Rising from the ashes of the scuttled Apple Car
Prompted by the need for robots that are scalable and cost-effective from the get-go, he started Vayu Robotics with Mahesh Krishnamurthi and Nitish Srivastava from Apple’s now-scrubbed Special Projects Group, focused on the self-driving “Apple Car,” reportedly canceled in February 2024.
The trio started operations in 2021 and eventually developed a ready-to-scale autonomous delivery robot that can navigate complex environments, including city streets and shop floors, at a speed of less than 20mph while carrying payloads weighing up to 100 pounds.
The biggest differentiator: the Vayu robot does this without using expensive Lidar sensors or pre-mapping the environment it has to navigate. Instead, it uses a transformer-based “mobility foundation model” with a new type of passive sensor.

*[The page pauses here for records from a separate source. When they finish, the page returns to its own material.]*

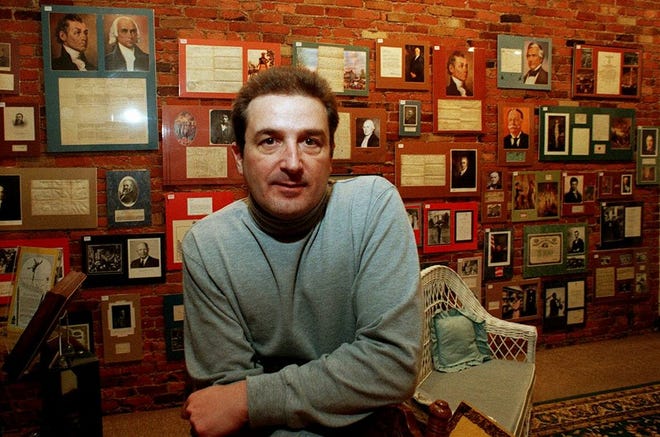 Michael Hurwitz in the Legends Gallery in 1994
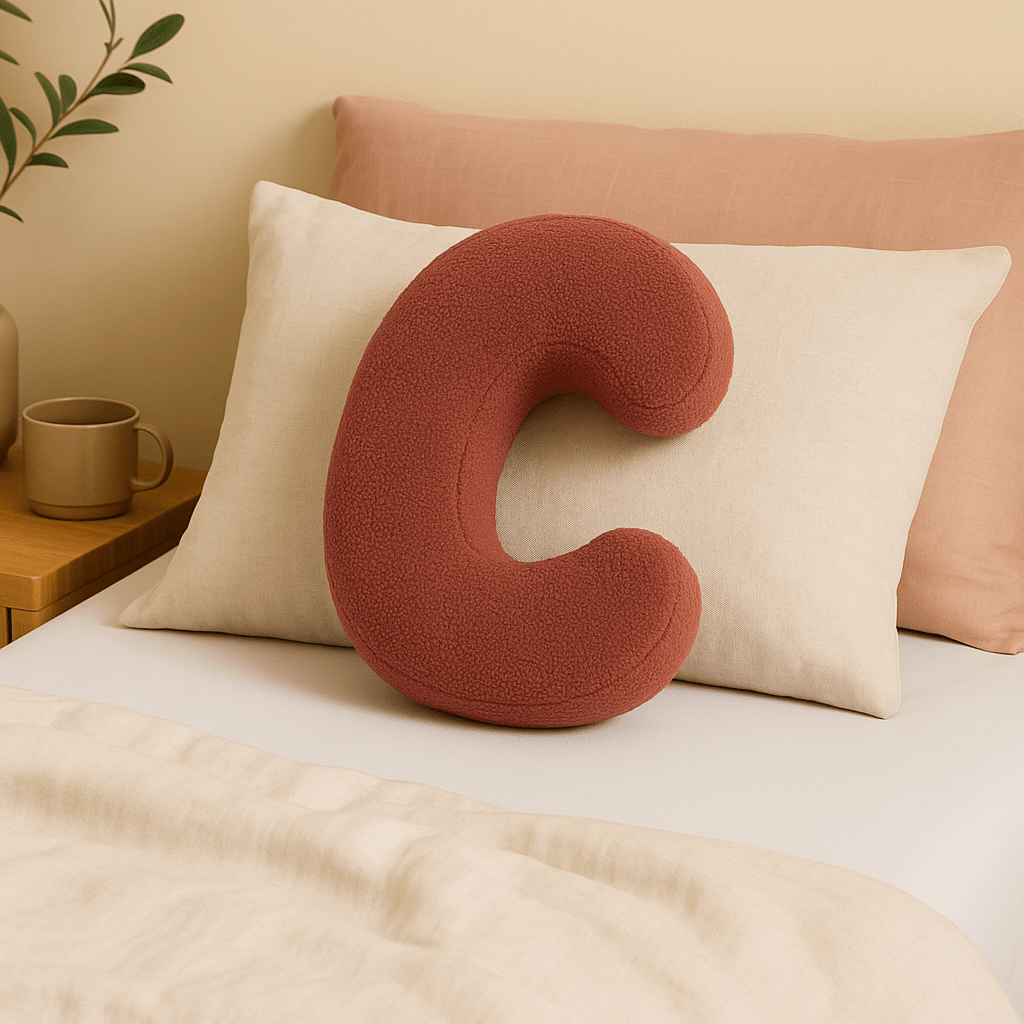 Cojín de Sofá Personalizado con Letras 3D - VyFlair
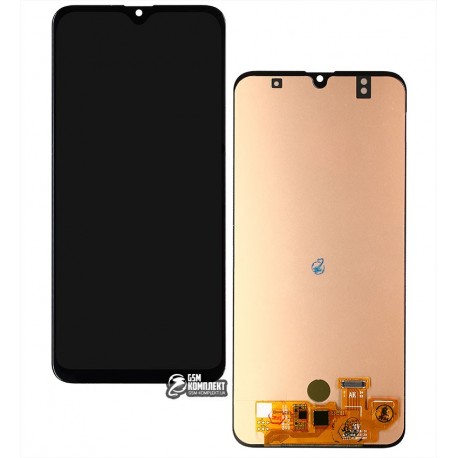 Дисплей для Samsung A307 Galaxy A30s, черный, с сенсорным экраном, (OLED), High Copy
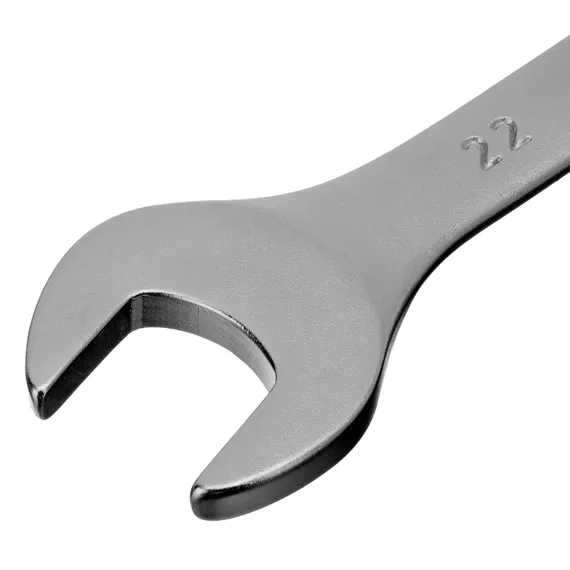 Ключ комбинированный, 22 мм, CrV, матовый хром Stels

“The mobility foundation model has been trained in a simulation environment developed by Vayu. The environment allowed us to procedurally generate millions of moving miles and challenging corner cases. Vayu has also developed a unique sim-to-real transfer approach that allows us to transfer the learning from this AI model to the real world. This enables us to create an autonomy stack with a fraction of the time and compute cost of a traditional approach,” Gopalan explained.
Flexible tech
The CEO noted that the mobility technology is neither form factor nor application-exclusive. It can be used in different fields of work and even replace existing Lidar-based tech stacks across robotic systems.
The company chose to start with delivery robots as ecommerce is witnessing a massive surge but the cost per delivery continues to remain very high. Vayu’s autonomous systems, having the same cost basis as a standard automotive camera module, can easily bring that down.
“The delivery robot’s system will connect to the customer’s ecommerce order dispatch workflow, and receive the destination location and order specifics similar to a third-party logistics provider. Our first customers usually house the robots at their warehouse or dark store location and are responsible for loading the physical goods into the robot. Once that’s done, Vayu’s autonomy system will take over. It will travel to the specified end location, drop off the package and proceed,” he added.
Over 100 prospects on waitlist for Vayu robot
While Vayu started commercialization efforts for the delivery bot only a few months ago, it is already witnessing significant traction, with as many as 20 enterprises piloting the technology and over 100 prospects on a waitlist. The company also recently signed a commercial agreement to deploy 2500 robots for a large ecommerce company.
“In our test phase, the robots have clocked up thousands of miles on the road and millions virtually. With a high degree of confidence, we anticipate growth to $50M over the next 3 years. If we include a broader look at the market opportunity for both robotic delivery and low-cost depth sensing, we could easily exceed this amount,” Gopalan said.
The company also plans to demonstrate how the technology can go beyond wheeled robots and drive the function of bipedal and quadrupedal robots. It will showcase the solution by the end of this year.